Au comptoir, un gamin en veste de survêtement écarquille les yeux. Derrière une des 32 pompes à bière du Devonshire, vaste pub planqué derrière les panneaux publicitaires de Piccadilly Circus, au cœur de Londres, vient de se placer un quinquagénaire aux cheveux frisés, cintré dans un blazer grenat posé sur un t-shirt noir: Oisín Rogers, le propriétaire du lieu, qui glisse dans le quartier de Soho comme en son royaume. “Tu es incroyable, lance le gamin, sautillant dans ses baskets.

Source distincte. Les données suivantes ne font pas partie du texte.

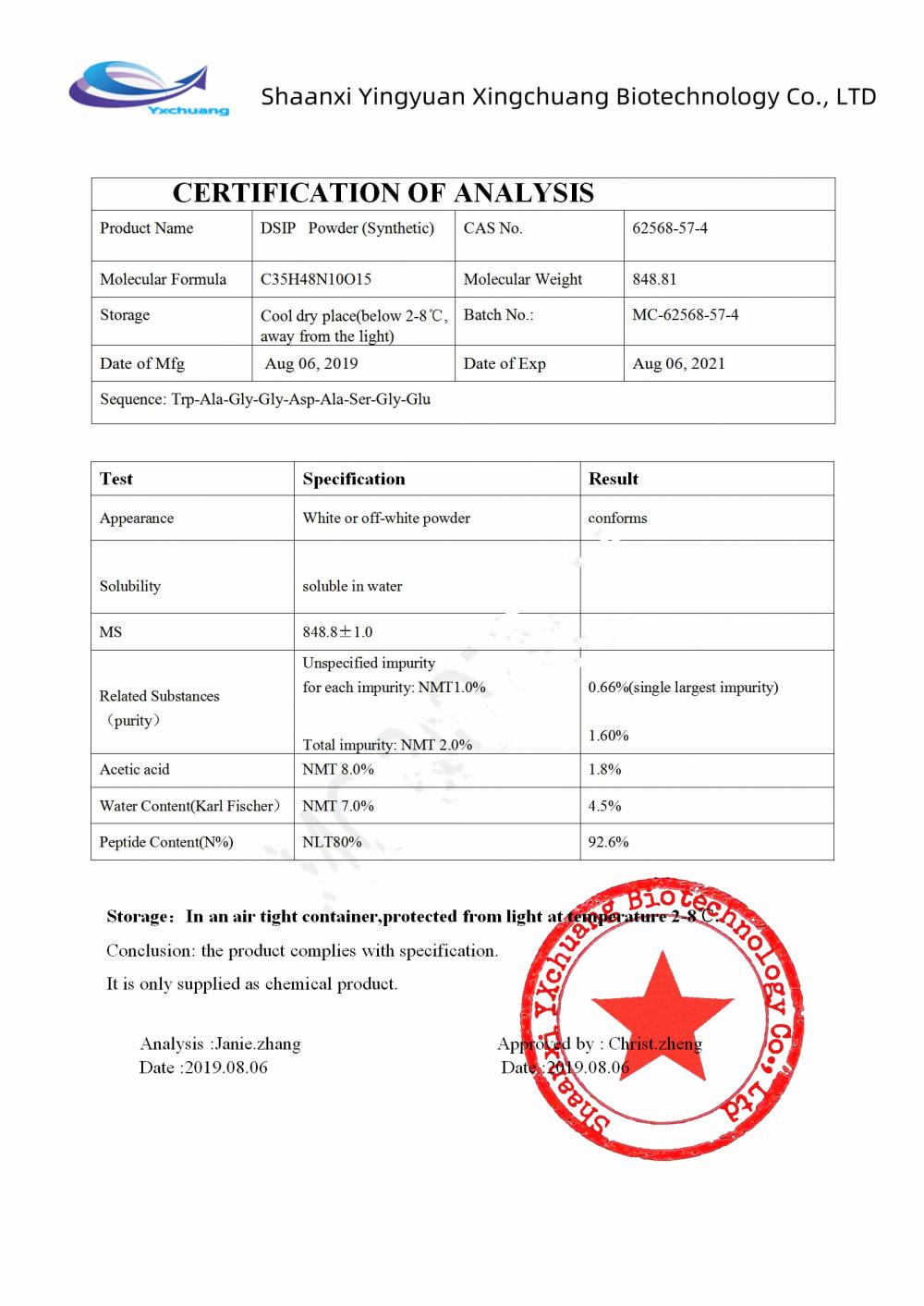 Dsip Delta sleep inducing peptide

Tu es une putain de légende!” Tous les regards dans la salle sont désormais braqués sur les mains de Rogers. La droite tient une pinte inclinée à 30 degrés, la gauche actionne un levier qui fait couler un liquide blanc et brun. Alors que le verre est presque rempli, Rogers interrompt son action. Il laisse reposer le breuvage sur son comptoir en acajou, le pointe du doigt et commence sa leçon. “Pour le moment, vous pouvez voir que la bière n’a pas de tête.” Intégralement noire, la Guinness est plate comme un lac en son sommet. C’est normal. “Des millions de bulles sont en train de tournoyer et remontent vers la surface. Avant de finir de remplir le verre, tu dois attendre qu’elles s’accumulent, jusqu’à ce qu’elles constituent une tête épaisse et crémeuse.” Pendant près de deux minutes, Oisín Rogers sourit ainsi à la foule, blague avec son personnel, avant d’activer à nouveau le levier, remplissant enfin la pinte dans son intégralité. Puis il la saisit et la regarde en biais. “Quand tu as terminé, la tête doit flotter à la surface, au centre du verre, précise-t-il. Tu dois obtenir ce que l’on appelle un dôme. Voilà pourquoi on sert en deux fois. Si tu verses tout d’un coup, ce ne sera pas pareil.”

Jardinier paysagiste de son état, Joe quitte régulièrement sa morne cité de Milton Keynes, dans le Buckinghamshire, “juste pour boire une pinte de Guinness ici, assure-t-il derrière une barbe fournie. Aller-retour, ça me prend trois heures 20. Je ne ferais ça pour rien d’autre au monde.”